I was aghast. If I wanted to purchase a watch for someone, I would set the primary filter as the price and then select from the watches that met my primary, that is price, criterion.
Essentially we apply that criterion first that is most important to us. This primary criterion seems to vary from person to person.
Today I happened to go along with a friend who wanted some editing done on some videos that he had. He wanted to do some trimming, merging, adding subtitles, changing aspect ratio and the like. Both of us went to a person he knew who works as a video editor.
We soon found out that the guy was using a software, the annual license cost of which was quite high. I started getting fidgety. I thought there was no point getting to know how to use this software if we weren't going to buy it. I asked my friend whether he wanted to get the editing done primarily or whether he wanted to use this occasion to learn how to do editing. He avoided answering my question.
Coming back, I related today's conversation with the one I had years earlier about the purchase of a watch.
The similarity struck me. In both cases I would have applied the price filter first. But neither of my friends did that.

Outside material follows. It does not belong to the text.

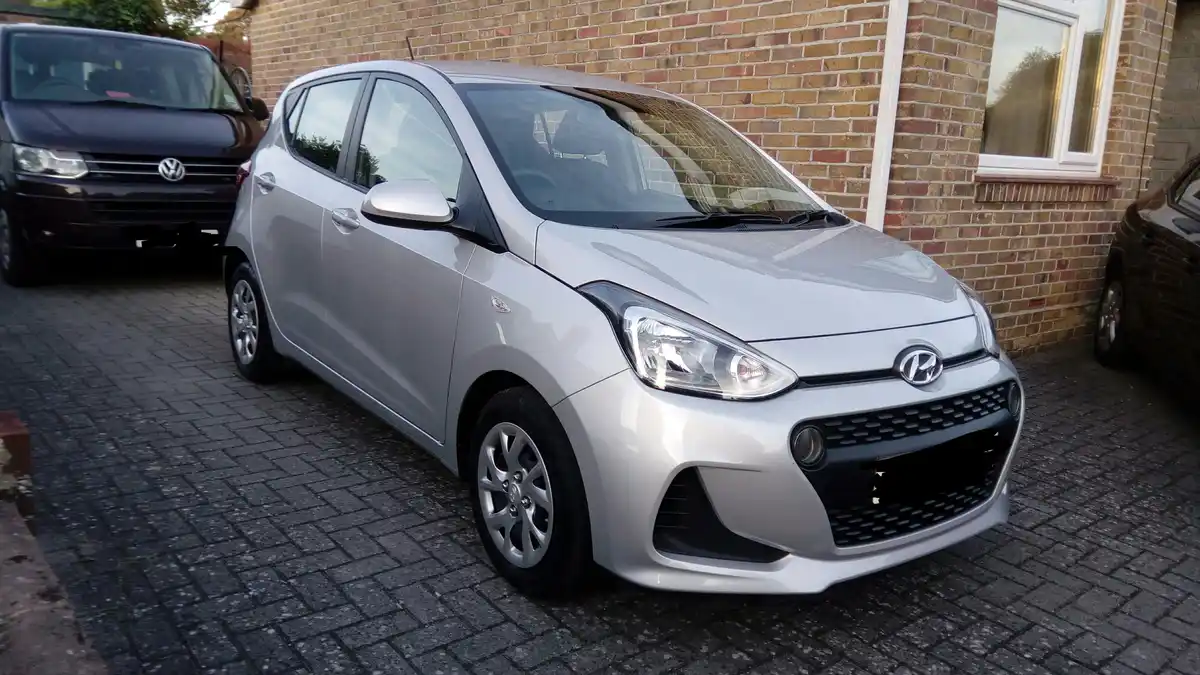 A silver Hyundai i10 is parked on a brick driveway in front of a brick house, with a dark Volkswagen van visible behind it…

So I wondered. My first friend wanted to get the right watch. Today, my other friend wanted to watch how the editing was done.
For some people, the passion is about the job. For others it is about completing the job.
Maybe I need to rephrase that. When we are passionate about something, we do not worry about its completion. We just want to be immersed in it and get it to perfection.
In other cases, we take it as a job and just get it done. In these cases, perfection is not a goal. Good enough and fast is.
Having said that, I wonder how people like Steve Jobs married both the concepts.
When I get irritated with people who don't use MY primary filter, I might have to consider how they feel about my using what is not THEIR primary filter.